VMware vSphere Review
vSphere 5.1 – Lesser publicized, neat improvements.
There are a lot of neat improvements in vSphere 5.1, but it’s worth mentioning some of the neat features that may not be getting as much publicity. Below are some of the features in the release documentation that aren’t in the “What’s New in vSphere 5.1” one-pager, and so-far I haven’t seen nearly enough excitement about thus far. These are features that an engineer will enjoy, but the engineer’s boss might not care so much about.
32 Nodes Accessing VMDK Simultaneously on VMFS: This is an important improvement for VMware View workloads using Linked Clones as it allows for higher density clusters. Previously, VMFS only supported 8 nodes accessing a VMDK, and to overcome that then the architect had to use NFS. VMFS and NFS now support the same number of nodes to a read-only file with View 5.1 and greater.
Virtual Machine Hardware Compatibility: Instead of simply relying on the virtual hardware version number, virtual machines are now given a Virtual Machine Compatibility. For example, VM Hardware Version 4 is now labeled as “Compatible with VMware ESX 3.x and later“. In addition, Administrators can select a “Default Compatibility Level,” which will be a great feature in mixed version clusters.
Parallel “Multi-threaded” Storage vMotions: Storage vMotion is now capable of performing four simultaneous disk copies. When migrating a virtual machine with five VMDK files, Storage vMotion copies the first four disks in parallel, then starts the next disk copy as soon as one of the first four finish. This will dramatically increase svMotion processes with many disks.

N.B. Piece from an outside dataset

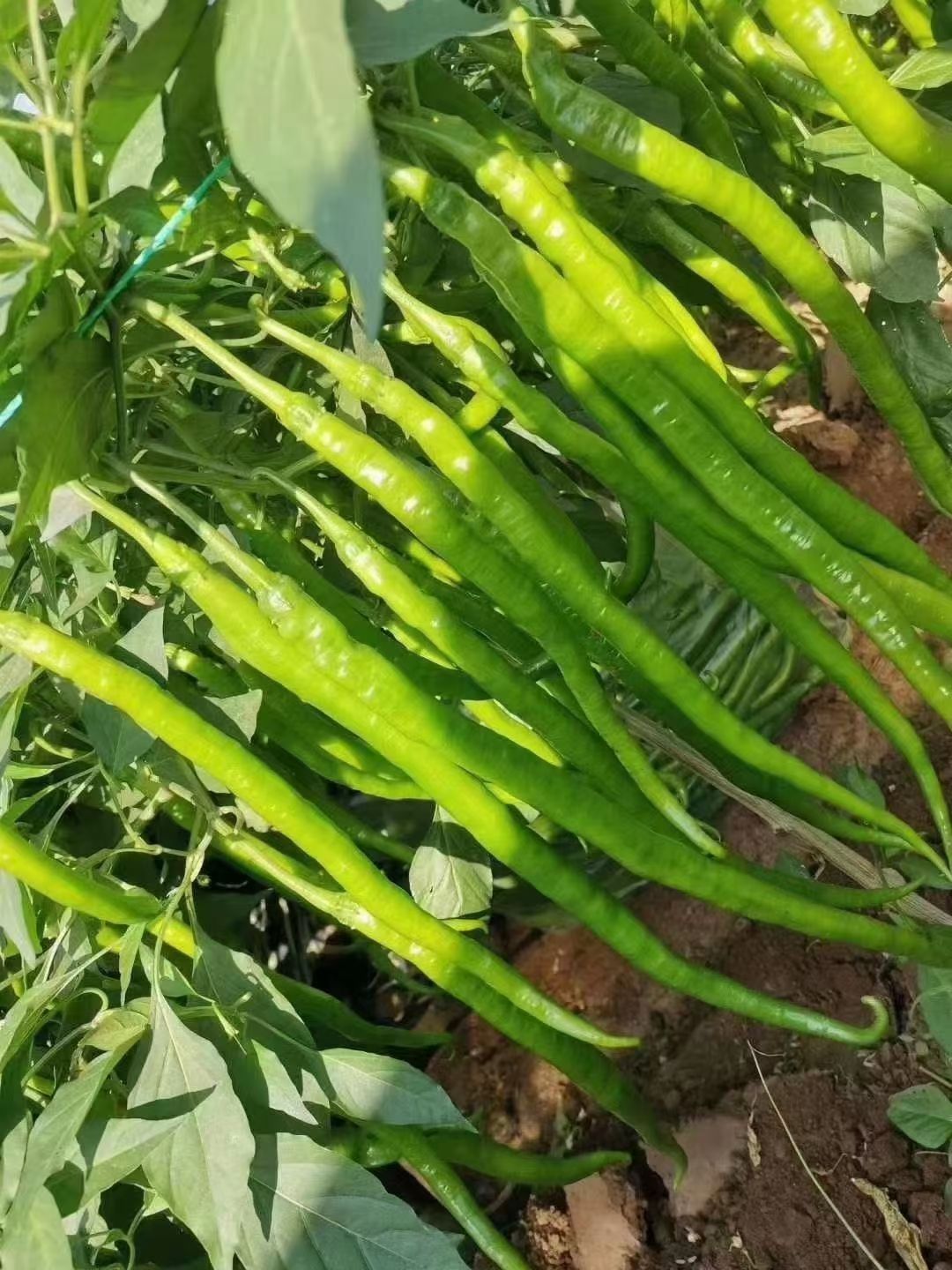 线椒苗黑线黄线辣椒中辣35公分左右苗厂直发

All Paths Down (APD) Events No Longer Break Hostd: Prior to vSphere 5.1, an APD event could cause hostd to become unresponsive as it would permanently retry failing I/O, which would cause hosts to disconnect from vCenter, etc. A new timeout is now being implemented via the Misc.APDHandlingEnable and Misc.APDTimeout global settings. In the event of an APD, after the default 140 seconds subsequent I/O is met with a quick “No_Connect” response preventing hostd and other processes from hanging.
Better Latency Monitoring within Storage I/O Control: A new metric ‘VmObservedLatency’ is available that replaces the datastore latency metric within SIOC. This metric measures the time between receipt of the I/O by the VMkernel from the virtual machine and receipt of the response from the datastore. Previously, SIOC only measured the latency after the IO had left the ESXi host, but it now measures and controls storage workload latency throughout the whole virtualized storage stack.
vCenter Inventory Tagging: Virtual machines can now be tagged with labels for more granular, advanced grouping. For example, Tier-1 applications can be tagged as such while also being tagged as a ‘Sharepoint’ server. This is a relatively simple additions that gives much better sorting capabilities for Virtual Machines.
**Disclosure: I am a real user, and this review is based on my own experience and opinions.